To me Bob Dylan was the whining voice that played incessantly in my frequent visits to hippy run record shops in my punk days of youth. An endless drone that seemed directionless and empty.
Now, at the grand old age of 37, I decided it was about time that I investigated the work of the great man and what a work this is.
Essentially folk / blues in it's make up, this is a collection of songs of intense quality and breathtaking emotion. Dylan is on spectacular form and delivers each track with the depth of feeling that suggests he was personally involved with the story line of each one.
This is one of the finest albums I have ever heard and has been played to death since I bought it.
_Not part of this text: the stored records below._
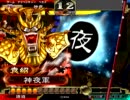【三国志大戦３】二枚看板逆境動画　第六十六話「VS二分至高」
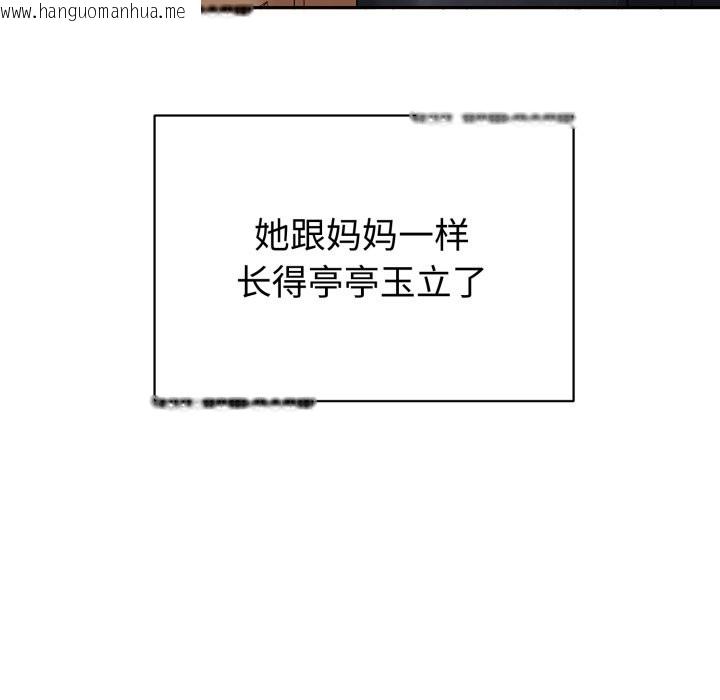 韩国漫画错位的星辰/今天也要加油韩漫_错位的星辰/今天也要加油-第1话在线免费阅读-韩国漫画-第129张图片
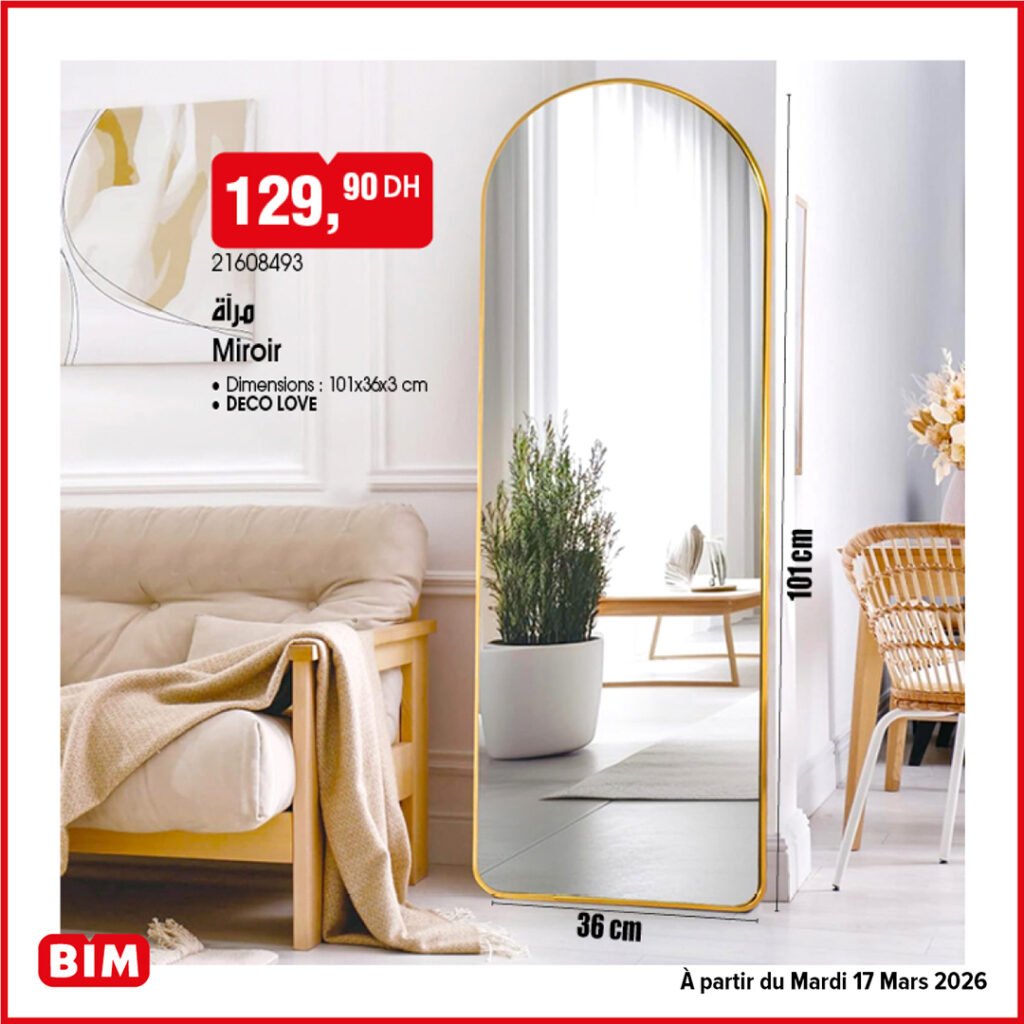 Promotion Bim mardi 17 mars 2026‏‏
I defy anyone not to connect with one or two of the songs and would describe it as educational and essential for any music lovers collection.
Wonderful
AN ENCAPSULATION OF ALL EMOTIONS
Listen to this loud and alone,without distractions,and have the lyric sheet near at hand.This will make you think,listen again and think some more.In possibly his greatest work Dylan expresses one or more emotions to which we can all relate somewhere or at sometime.If you want the antithesis of manufactured image driven substanceless pop you have found it.
Although there was some very good intervening material,Dylan would not produce anything of this quality again until 1997 when Grammy winner Time Out of Mind enriched our lives and on which his masterpiece Not Dark Yet appears.
One of these two is his best and which may depend on your mood when you listen.
Blood On The Tracks best track? That is a very difficult question and in many ways it only exists as a whole work but,if pressed, Shelter From The Storm. Pure Genius
Tangled up in a 5-star 30 year old classic
Some personal stuff first: hearing Tangled Up In Blue under the bedclothes on late night radio, when I should have been revising for O' Levels, first turned me on to this album - and to the power of poetry and the blues. Until punk came along and shifted my musical axis, this album was rarely off my turntable...ultimately the turntable broke and got replaced by a CD player, so that it has been twenty years since I listened to this album. I finally got around to buying it on CD 6 months ago - and it sounds as great and moving as it first did to the callow teenager under the bedclothes.
There's never been a doubt about Dylan's lyrical ability, but the poetry, combined with narrative flow, of Tangled Up in Blue, Simple Twist of Fate and Lily, Rosemary and the Jack of Hearts turn them into real "tours de force". The emotional connection that You're Gonna Make Me Lonesome When You Go, If You See Her, Say Hello and Shelter From the Storm make - and the sweet bitterness of Idiot Wind and Buckets of Rain - really hit the spot. Oh - and the melodies are strong too. These are Dylan tunes you can hum along too, if you're so inclined.
Surely every music lover has this album already?
Dylan may not be my favourite artiste of all time - but if I could take just one album with me when I die, it would be this one.